Catt was, apparently a fair boss, with a long serving work force. However he was a known to enforce a strict curfew (so that workers did not stay too long in the Buckle Inn). William Catt died in 1853 succeeded by his son George. George Catt had other business interests including the Terminus Hotel in Seaford (built in 1864), a brewery, and it is reputed that he had subscribed to the building of the railway to Seaford. The Newhaven Harbour Company extended the harbour jetties and as a result the beach between Tide Mills and Seaford suffered loss of shingle, requiring sea defences to be built to protect the Mill.
George Catt’s widow Emily sold the tide mill to the Newhaven Harbour Company in 1879 who in turn leased it to other members of the Catt family, but by 1883 the mill closed. The mill house and cottages continued to be occupied by the families of the former mill workers, harbour employees, farmhands and holiday makers. The Mill Building was used as a bonded warehouse until it was demolished in 1901. However this was not the end of the industrial use of the site.

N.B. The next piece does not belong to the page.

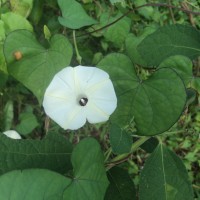 Ipomoea obscura (L.) Ker Gawl.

In 1904 the Marconi Radio Company set up a wireless station on the beach. The station was used to report on the arrivals and departures of the cross channel shipping and by 1912 ship to shore communications facilities had been established. In May 1894, Tide Mills was visited by the 1st Sussex (Royal Artillery) Voluntary Reserve with an experimental 40lb Armstrong breech loaded gun mounted on a train nicknamed the Flying Martello Tower.

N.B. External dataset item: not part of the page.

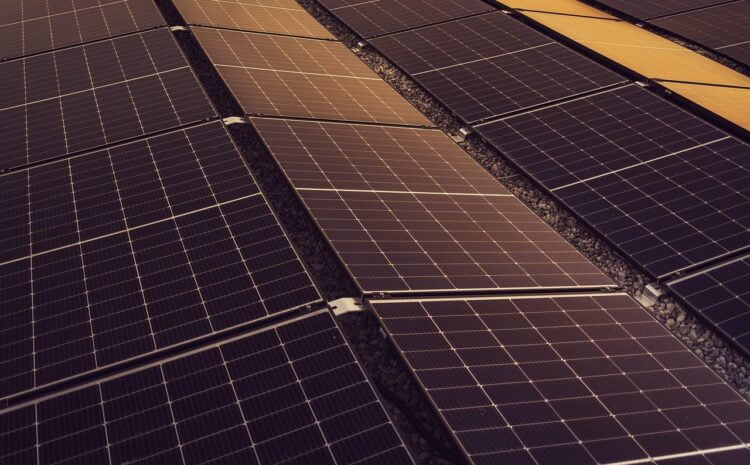 illorar la Presència Digital de la teva Empresa de Plaques Solars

After the end of the first world war, Tide Mills began to grow as a holiday village using converted railway carriages left over from the seaplane station.
In 1922 some of the upper parts of the old mill were taken over by ex-jockey David Dale to become a convalescent home for injured race horses. The horses were bathed in salt water and galloped along the foreshore. The facility continued to operate until the start of the WWII in 1939.
Continue up towards the railway crossing to the ruined cottage on the left before it.